James Lundy, a partner at Faegre Drinker, is more on the fence.
“I think on the priority ... there are going to be other things than a uniform fiduciary standard,” Lundy said. “Objectively, Reg BI does fill a gap and attempts to address that gap with how broker/dealers interact with clients. That said, it could be something over the course of a four-year term that Democrats would likely consider” changing if there was an opening to do so.
As for the markets, even with a divided Congress, advisors expect to prepare their clients for more stimulus spending and higher taxes.
“I wouldn't be surprised if the market rallies,” said Pamela Chen, chief investment officer and managing partner at Santa Monica, Calif.-based Pamela Chen. “Maybe not immediately, but we'll continue to sustain a rally going forward, because with the Democrats coming into office, they are looking to institute a very heavy or large stimulus plan. That will stimulate the economy and will generate more growth in spending by putting more cash in people's pockets and generating additional revenues.”
“We're expecting an immediate stimulus and a bailout of municipalities, which would help municipal bonds,” said Loreen Gilbert, CEO of WealthWise Financial Services in Irvine, Calif. “If we see Biden win, then it's a clean energy play, so away from traditional energy and a positive for solar, for electric cars, for anything in that space.”
“With Biden, I know he wants to raise corporate taxes and capital gains taxes, and I think that can have an impact. Financial advisors need to think about their overall portfolio strategy, and if there was a portfolio strategy that was dependent on managing taxes by dividends or tax harvesting, we need to think about maybe we shouldn’t be doing that,” said Khloe U. Karova, founder of Modern Capital Concepts. “If we see Biden elected, he’s saying he’s raising taxes. I’m going to tilt my portfolios more towards growth companies.”
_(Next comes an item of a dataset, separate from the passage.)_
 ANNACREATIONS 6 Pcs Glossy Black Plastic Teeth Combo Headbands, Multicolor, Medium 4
As far as bonds, Biden is better for the bond market than Trump, she said.
“But it has nothing to do with government spending,” she said. “Biden is better because Trump keeps trying to interfere with the Federal Reserve, trying to bully it. Biden supports a fully independent Federal Reserve. That’s a key thing, and when I think we have a Federal Reserve that’s listened to, it cannot be negative, and I don’t think Biden would be worse for bond holders.”
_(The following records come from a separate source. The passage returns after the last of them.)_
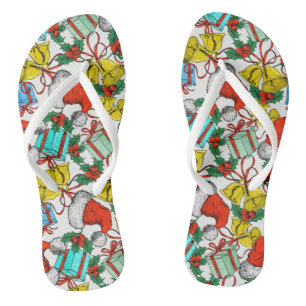 Christmas Colourful Gifts Red Santa Hats Holidays Flip Flops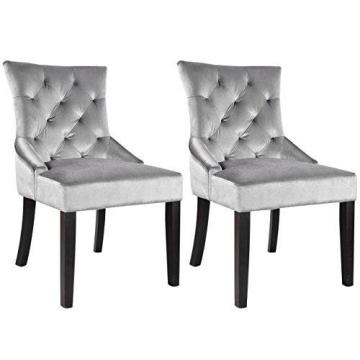 Corliving Antonio Accent Chair In Soft Grey Velvet, Set Of 2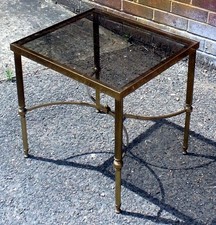 1960s Maison Jansen style vintage brass smoked glass coffee occasional table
“For trade, a bigger long-run threat to our investment portfolios is not coronavirus, it’s these trade wars and tariffs,” Karova said. “It’s not really fully appreciating the long-term impact of some of these trade agreements. We need to recognize China is quickly emerging as a global economic power. The way trade tariffs work it’s tit for tat, and we’ve been suffering from that."
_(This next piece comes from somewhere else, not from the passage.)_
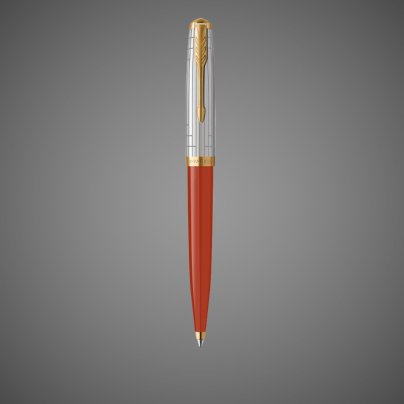 Шариковая ручка Parker 51 Premium Red GT и кожаный чехол на молнии, стержень: M, цвет чернил: black, в подарочной упаковке., Металлы: нержавеющая сталь, позолота, смола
The tax implications of a Democratic administration also weigh on advisors.
“If there is a Biden win, we’re all going to be really busy between now and the end of the year: it's a matter of looking at people's tax positions and potentially taking gains,” Gilbert said. “In that scenario too, you could have a sell-off from purely profit taking. You’re going to have a lot of estate planning meetings at the end of this year. If you have a more balanced Senate, you would still want to worry about income tax issues.”
For many advisors, a return to some stability, at least in terms of political rhetoric, would be refreshing for both markets and participants.
“Americans deserve to wake up every morning and not be looking for some sensational tweet or some headline that’s going to create confusion or animosity towards their fellow man,” said Doug Boneparth of Bone Fide Wealth in New York.